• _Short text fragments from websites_
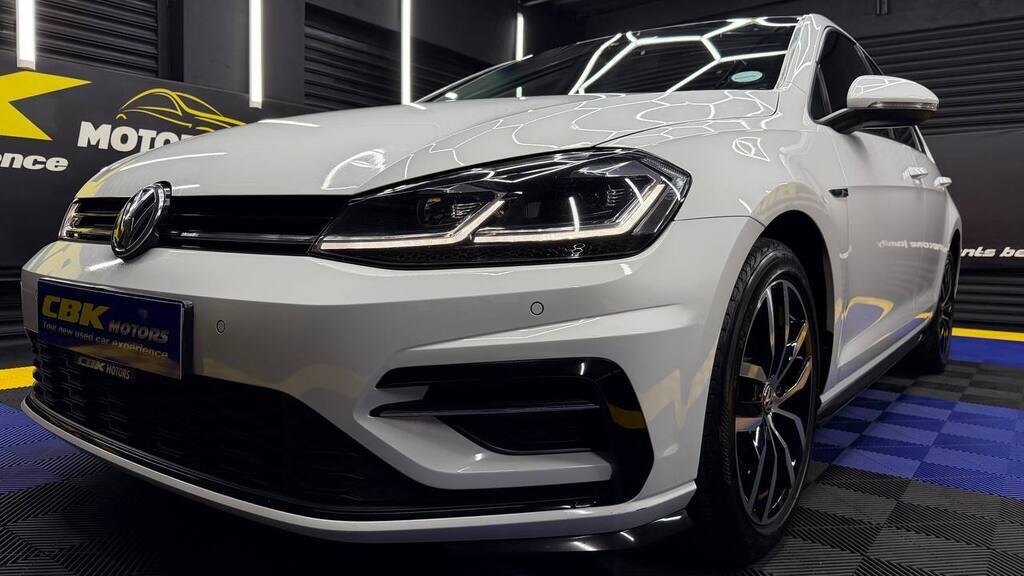 Volkswagen Golf 1.4TSI Comfortline R-Line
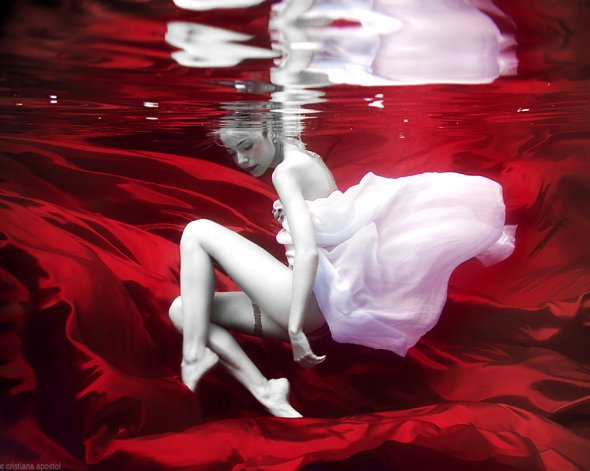 Cristiana Apostol deviantart fotografia conceitual sub aquática mulheres água luz cores beleza lirismo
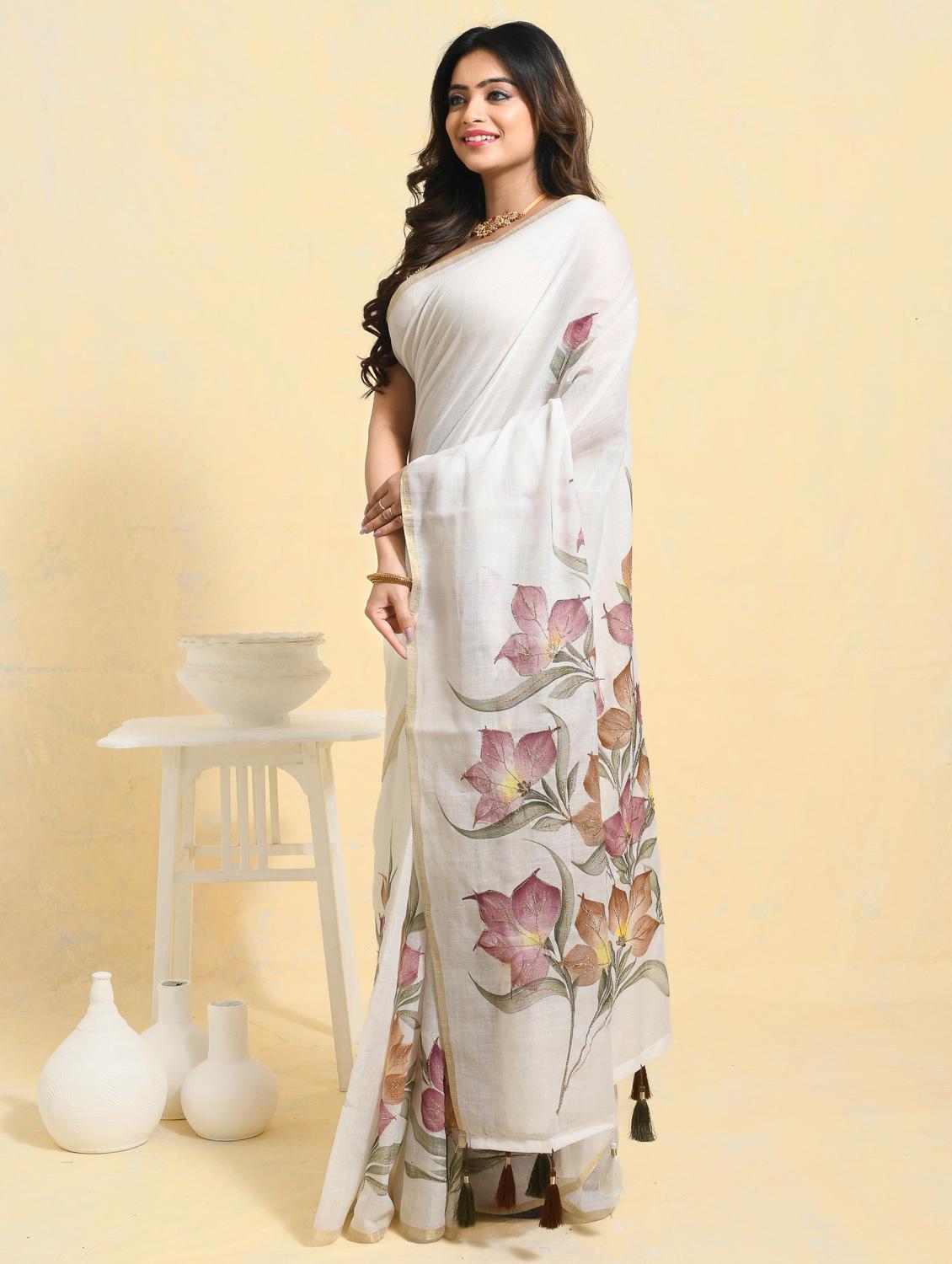 women printed casual wear saree with blouse - 21965593 -  Standard Image - 1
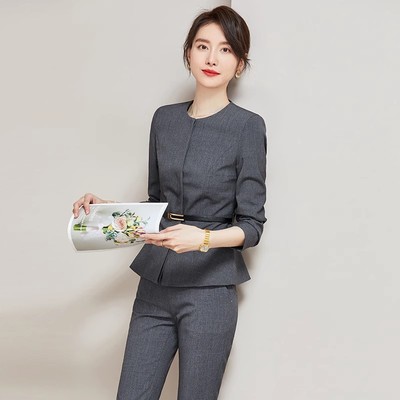 灰色职业装西装工作服餐饮经理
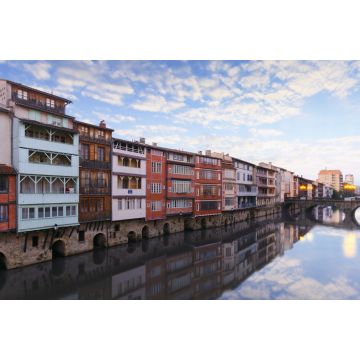 Lais Puzzle - Sonnenaufgang Farben über Castres Stadt, Occitanie, Frankreich - 2.000 Teile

• _Task brief_
Nothing but the lines from the one holding "women printed casual" through the final line of the records above belongs in the answer, each retyped exactly; omit the pictures.

• _Finished exercise_
 women printed casual wear saree with blouse - 21965593 -  Standard Image - 1
 灰色职业装西装工作服餐饮经理
 Lais Puzzle - Sonnenaufgang Farben über Castres Stadt, Occitanie, Frankreich - 2.000 Teile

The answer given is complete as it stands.